Of the 190,098 H-1B cap petitions that were filed, here is the breakdown between U.S. Master’s Cap filing and Regular Cap filings:

  • 95,885 U.S. advanced degree holders’ petitions, submitted towards the U.S. Master’s cap exemption of 20,000.
  • 94,213 petitions submitted towards the regular H-1B cap/standard quota of 65,000.

On April 11, USCIS conducted two (2) lotteries, the first of which selected enough cases to meet the cap of 20,000 for U.S. advanced degree holders.  A second lottery was conducted with the remaining 170,098 cases (including those with U.S. advanced degrees who did not make the 20,000 lottery), to fill the standard quota of 65,000.

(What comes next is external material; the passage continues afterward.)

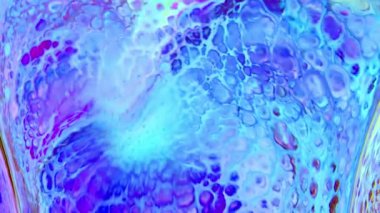 Çağdaş tasarım, markalaşma, yayın düzeni ve dijital medya kullanımı için hareket ve derinlik sunan, dalgalı renkler ve katmanlı yapılardan oluşan canlı bir boya yüzeyi.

Based on the above numbers released by USCIS, the % chance for being selected by the lottery was as follows:

  • 20.85% chance of being selected in the 1st advanced-degree lottery of 20,000.
  • 38.21% chance of selection for all other cases subject to the 2nd 65,000 lottery – including those with U.S. advanced degrees who were not selected in the first lottery.
  • U.S. advanced degree holders had higher chance for selection since those that do not make the 1st lottery get a second chance in the 2nd lottery.
  • Overall, the chance of selection for the H-1B Cap for the Fiscal Year of 2019 was approximately 44.71%.

Over the next few weeks, employers and their attorneys will begin receiving receipt notices via regular mail for those petitions which made the lottery and were selected for processing.  For those cases that were not selected in the lottery, USCIS will return the petitions and filing fees via regular mail.  While USCIS has not announced the timing of when unselected petitions and filing fees will be returned, they have announced that they expect to begin working on processing selected cap cases soon after they have been receipted.   However, due to high volumes of filings and a backlog of all other non-cap cases, employers should expect lengthy processing times for H-1B cap-cases.